第45回「悟りの境地」

悟りの境地

 普段から周囲の物事に気を配るたちではありませんが、通勤のように毎日繰り返す単純な動作の間は、どうしても脳みそが止まって体だけ動くようになります。考えてみると、年をとると年月が速くたつように感じる原因は、これかもしれません。年をとるにつれて経験済みのことが多くなれば、思考が停止している時間の割合は増えていくのではないでしょうか。そのような間は時間がたっているようには感じないとすれば、脳みそがきちんと働いている主観的な時間は年とともに減っていくことになります。
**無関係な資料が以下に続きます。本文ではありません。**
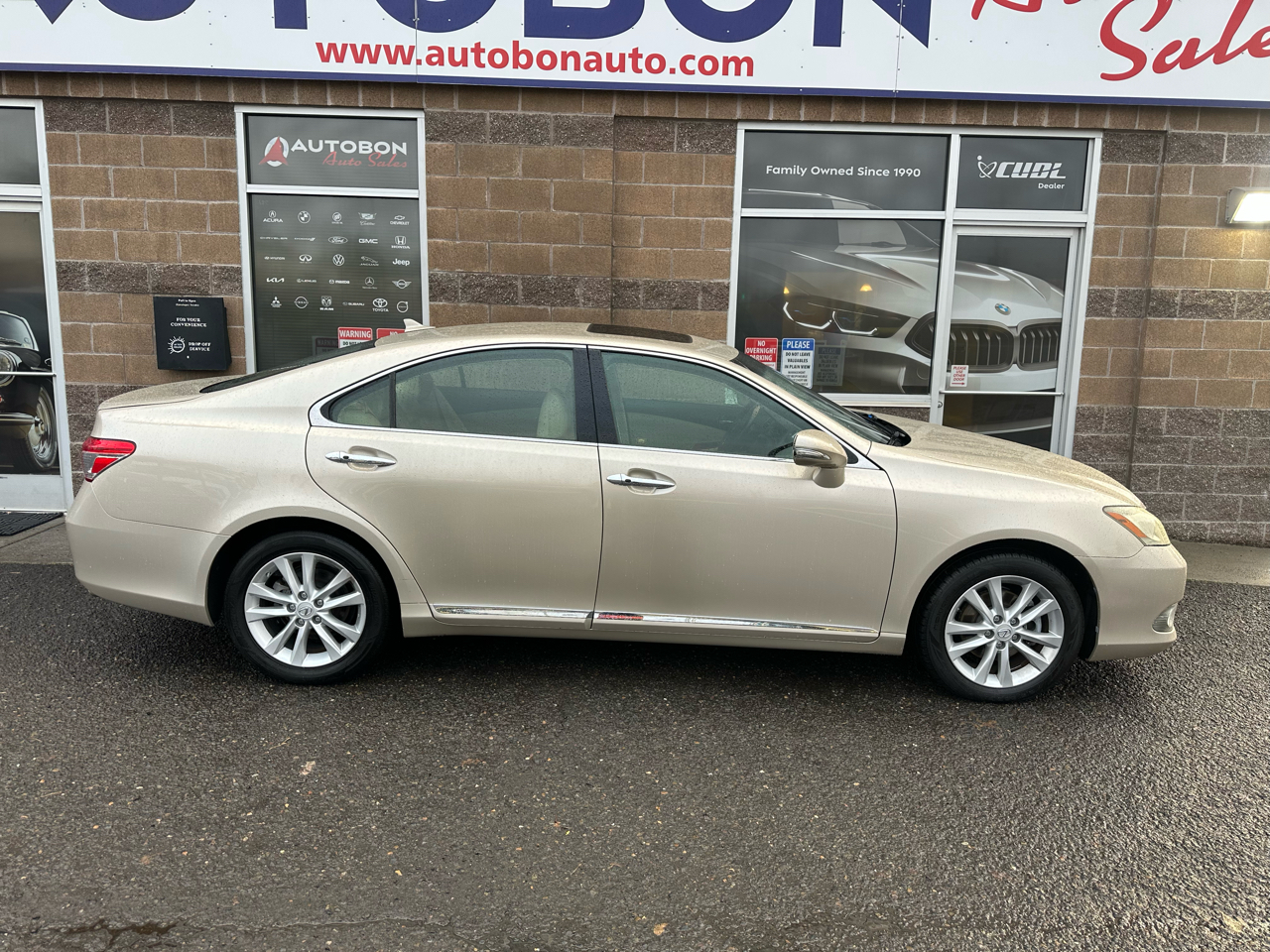 Lexus ES 350 4dr Sdn 2010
 それだけではなく、考えていない時間の増加は、物忘れを激しくするという話もあります。脳には基質的な問題がないのに物忘れが激しくなって日常生活にも支障をきたす人に対して、通勤経路を毎日変えることを勧める場合があるようです。これは、少しでも新しい経験によって脳みそを動かすことが、物忘れの防止になるということでしょう。日頃、話をしていても固有名詞が全く出なくなっていて、人の名前はもちろん、最近では「そこのパンを焼く機械を…」「トースターならトースターって言えないのか?」などという会話を繰り広げている身としては、脳みそ停止状態の時間を少なくすることによって物忘れがなくなるのであれば是非努力したいところです。通勤の時に歩く経路はなるべく変えて、歯磨きの時には意識して何かを考えるようにしています。

 でも、やってみると、単純動作の間に意識して考えるというのは思ったよりも大変です。最初は何かを考えていても、そのうち思考が止まったゾンビ状態になっているのにはっと気がつくことがよくあります。よく、座禅をしていてもなかなか無心になれないという話がありますが、どうもその逆で、何かを考えようとしても心が空になってしまいます。齢五十幾つにして高僧の境地に達してしまったのかもしれません。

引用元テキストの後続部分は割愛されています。